Colloquium: Olivier Guyon

    Thursday, September 29, 2016 - 3:30pm - 5:00pm
    Meinel 307

    The Search for Life around Nearby Stars: from Remote Sensing to Interstellar Travel


    A significant fraction of stars are now believed to host rocky planets in their habitable zone, offering excellent opportunities for life to appear. The nearest star to our solar system (Proxima Cen) does have such a planet, and our immediate stellar neighborhood probably hosts about a dozen potentially habitable planets.Detailed characterization of these nearby planets will soon be possible through high contrast imaging and spectrocopy (measuring atmospheric composition), radial velocity and astrometry (masses, orbits).
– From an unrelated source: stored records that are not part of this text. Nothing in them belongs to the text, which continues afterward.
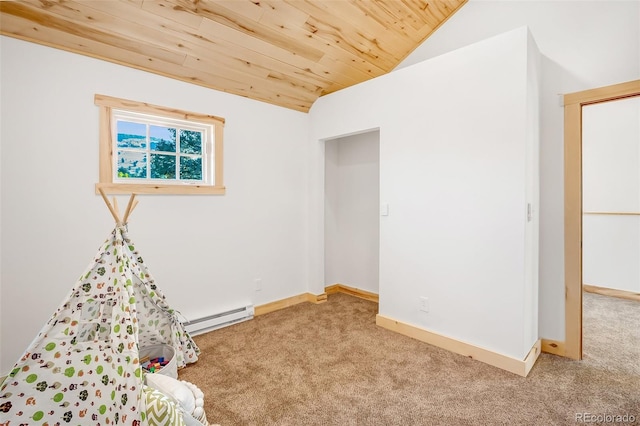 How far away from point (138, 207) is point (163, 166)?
460 millimetres

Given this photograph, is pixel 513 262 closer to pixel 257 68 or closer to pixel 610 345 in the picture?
pixel 610 345

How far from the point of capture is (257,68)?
2.85 m

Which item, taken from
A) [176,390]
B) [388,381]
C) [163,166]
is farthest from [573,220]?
[163,166]

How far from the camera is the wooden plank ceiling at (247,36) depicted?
2.02m

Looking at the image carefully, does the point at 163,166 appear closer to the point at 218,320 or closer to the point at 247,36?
the point at 247,36

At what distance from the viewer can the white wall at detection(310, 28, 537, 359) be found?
2.14m

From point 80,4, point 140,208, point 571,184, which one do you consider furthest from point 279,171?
point 571,184

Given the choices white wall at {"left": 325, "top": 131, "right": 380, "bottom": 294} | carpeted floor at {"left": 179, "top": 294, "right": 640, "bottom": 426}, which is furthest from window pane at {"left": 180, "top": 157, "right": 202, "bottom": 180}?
white wall at {"left": 325, "top": 131, "right": 380, "bottom": 294}

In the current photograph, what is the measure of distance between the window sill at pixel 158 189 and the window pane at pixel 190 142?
1.28 feet

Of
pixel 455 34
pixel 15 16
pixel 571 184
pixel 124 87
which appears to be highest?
pixel 455 34

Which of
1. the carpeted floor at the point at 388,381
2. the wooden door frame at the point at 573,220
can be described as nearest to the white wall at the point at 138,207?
the carpeted floor at the point at 388,381

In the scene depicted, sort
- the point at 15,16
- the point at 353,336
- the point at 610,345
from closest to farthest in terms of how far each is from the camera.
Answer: the point at 15,16
the point at 610,345
the point at 353,336

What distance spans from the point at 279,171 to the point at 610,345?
342 cm

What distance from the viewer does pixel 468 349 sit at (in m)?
2.34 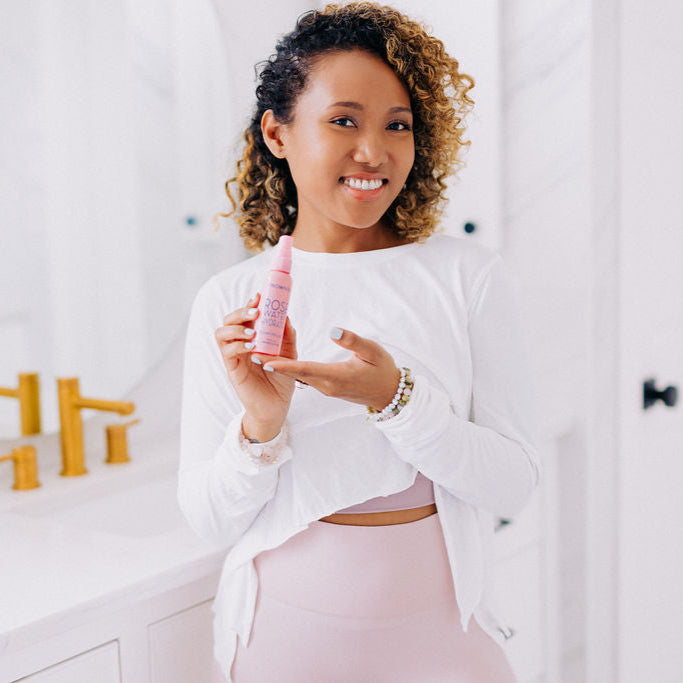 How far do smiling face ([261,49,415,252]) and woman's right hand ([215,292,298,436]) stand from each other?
158 millimetres

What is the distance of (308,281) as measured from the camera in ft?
3.04

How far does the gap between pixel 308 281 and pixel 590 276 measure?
2.41ft

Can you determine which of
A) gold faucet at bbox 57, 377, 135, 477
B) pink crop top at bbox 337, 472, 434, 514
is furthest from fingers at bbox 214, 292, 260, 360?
gold faucet at bbox 57, 377, 135, 477

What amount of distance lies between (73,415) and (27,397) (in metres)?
0.07

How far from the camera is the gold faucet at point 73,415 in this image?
123cm

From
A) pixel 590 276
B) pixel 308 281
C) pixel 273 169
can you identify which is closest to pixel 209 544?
pixel 308 281

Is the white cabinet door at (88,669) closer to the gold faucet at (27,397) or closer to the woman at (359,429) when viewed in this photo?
the woman at (359,429)

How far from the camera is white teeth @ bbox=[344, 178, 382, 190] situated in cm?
85

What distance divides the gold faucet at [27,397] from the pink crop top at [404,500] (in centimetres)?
59

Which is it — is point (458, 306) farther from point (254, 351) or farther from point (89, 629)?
point (89, 629)

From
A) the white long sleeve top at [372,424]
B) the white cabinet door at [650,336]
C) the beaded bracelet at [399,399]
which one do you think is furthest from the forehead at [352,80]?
Result: the white cabinet door at [650,336]

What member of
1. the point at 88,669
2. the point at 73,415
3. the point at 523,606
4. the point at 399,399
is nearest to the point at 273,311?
the point at 399,399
These techniques are rapidly advancing, and will be deployed on large ground-based telescopes as well as space telescopes.In a more distant future, probes could be sent to the nearest habitable planets for detailed high resolution imaging. This challenging goal will be explored by the Starshot initative led by the Breakthrough foundation. The current concept relies on a high power Earth-based laser to accelerate a lightweight sail to achieve the required acceleration.

    Speaker Bio(s): 

    Olivier Guyon (University of Arizona & Subaru Telescope) is an expert in exoplanet imaging techniques (coronagraphy, adaptive optics). He leads the Subaru Coronagraphic Extreme-AO (SCExAO) instrument and designs coronagraph systems for future space-based exoplanet imaging missions. He received the US Presidential Early Career Award for Scientists and Engineers and the MacArthur fellowship for his innovative contributions to astronomical optics. He is also an avid amateur astronomer and citizen science enthusiast, and founded PANOPTES (Panoptic Astronomical Networked OPtical observatory for Transiting Exoplanet Survey), a citizen science project aimed at building low cost robotic telescopes that can be used to detect transiting exoplanets.